In contrast, Linear Regression tends to produce more stable predictions since it assumes a fixed relationship between variables.

For business decision-making, stable predictions are important because unstable forecasts can lead to fluctuating budgets and planning errors.

---

### Interpretability

Interpretability refers to how easily business stakeholders can understand model decisions.

Random Forest is less interpretable because predictions result from many decision trees working together, making it difficult to explain why a specific prediction occurs.

Linear Regression, however, directly shows how each variable affects sales through coefficients. For example, managers can clearly see how advertising or pricing changes influence sales.
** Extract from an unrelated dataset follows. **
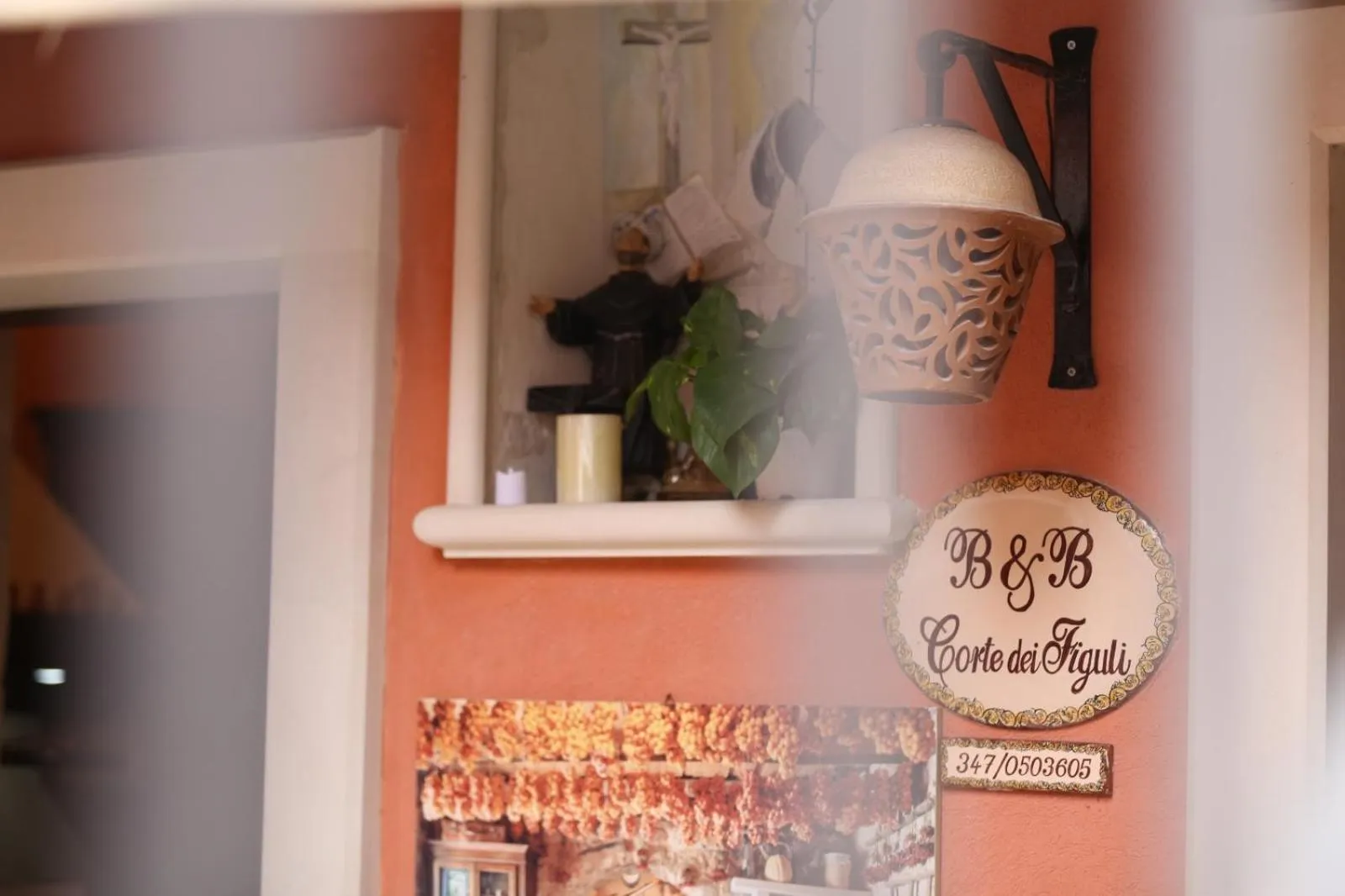 Logo/Certificate/Sign in B&B Corte Dei Figuli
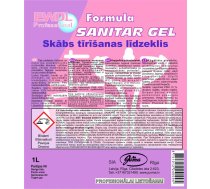 Tualetes tīrīšanas līdzeklis  EWOL Professional Formula SANITAR GEL, 1 L (400-00973)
Because stakeholders and regulators often require explanation of decisions, Linear Regression provides a significant advantage in transparency.

---

### Summary

Random Forest provides higher flexibility and often higher accuracy, but predictions may be less stable and harder to explain.

Linear Regression offers better interpretability and prediction stability, which is important for regulated or business-critical decisions.


### Deployment Recommendation

Random Forest gives strong accuracy but predictions may vary when data changes.

Linear Regression is slightly less accurate but offers:
• Stable predictions
• Clear interpretation
• Regulatory transparency

Therefore, Linear Regression is recommended for regulated deployment.